DATA EXCERPT:
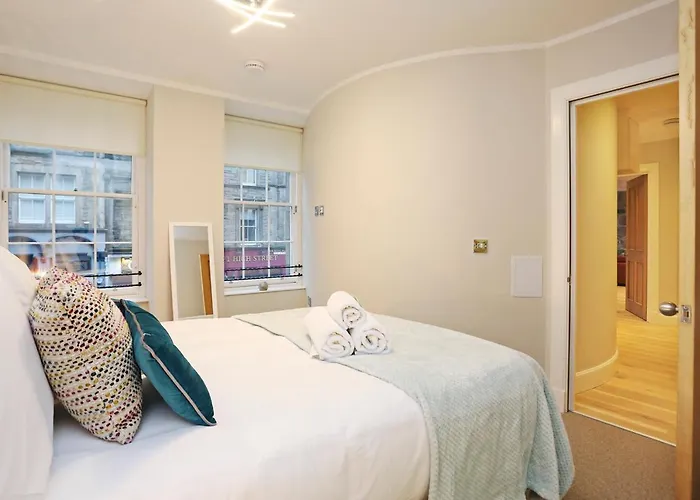 Joivy Elegant At The Heart Of The Royal Mile Edinburgh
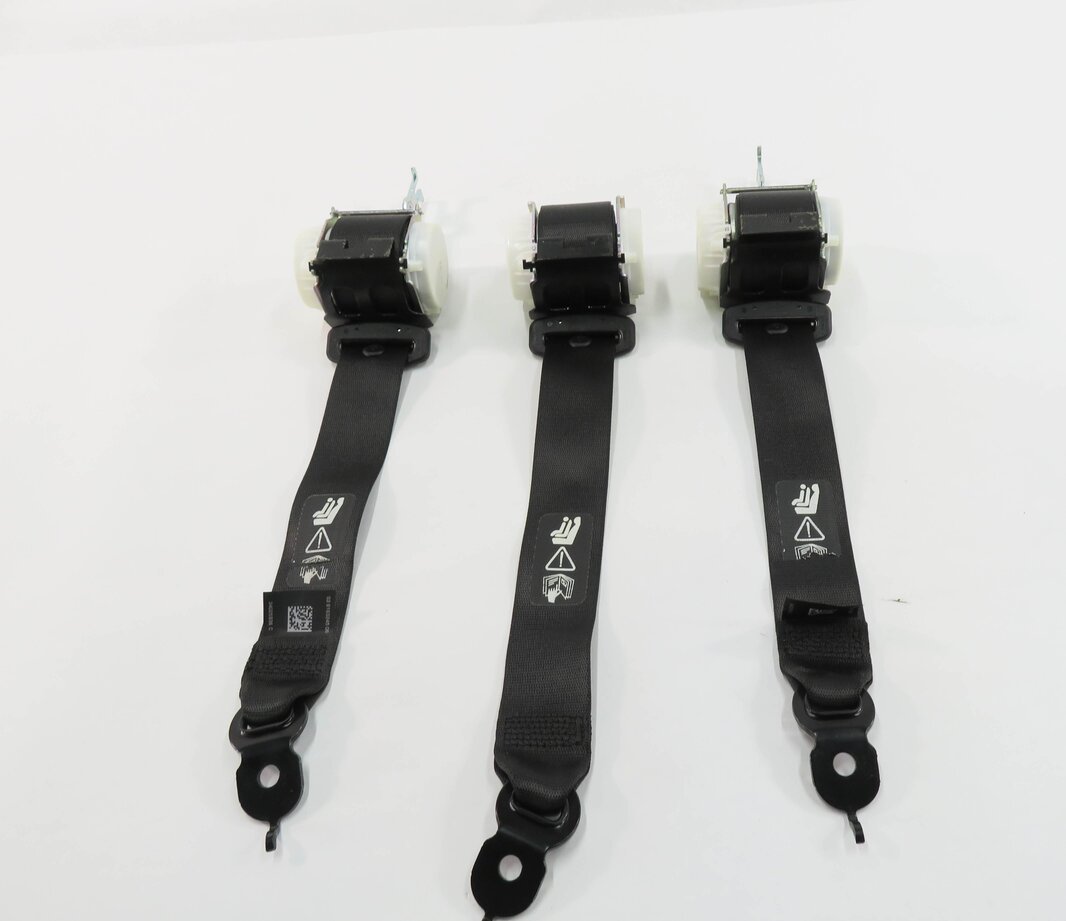 Thumbnail 2: 2011 BMW 550i (F10) REAR SEAT SEATBELT RETRACTOR SET-3 (BLACK)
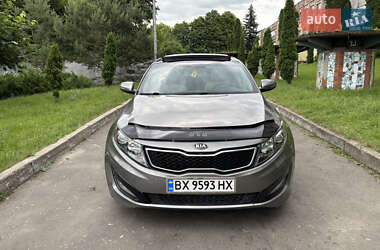 Седан Kia Optima 2012 в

EXERCISE REQUIREMENTS: Please print the listing above again word for word, without its pictures.

SOLVED PROBLEM:
 Joivy Elegant At The Heart Of The Royal Mile Edinburgh
 Thumbnail 2: 2011 BMW 550i (F10) REAR SEAT SEATBELT RETRACTOR SET-3 (BLACK)
 Седан Kia Optima 2012 в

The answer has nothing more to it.